● **Your objective**: Would you restate, exactly as they appear, the lines from the one containing "123 N Broadway Street — photo 25" through the end of the data below?

● **Dataset content**:
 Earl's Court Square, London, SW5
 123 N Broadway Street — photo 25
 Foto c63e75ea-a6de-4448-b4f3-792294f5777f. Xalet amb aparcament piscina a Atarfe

● **Response box**:
 123 N Broadway Street — photo 25
 Foto c63e75ea-a6de-4448-b4f3-792294f5777f. Xalet amb aparcament piscina a Atarfe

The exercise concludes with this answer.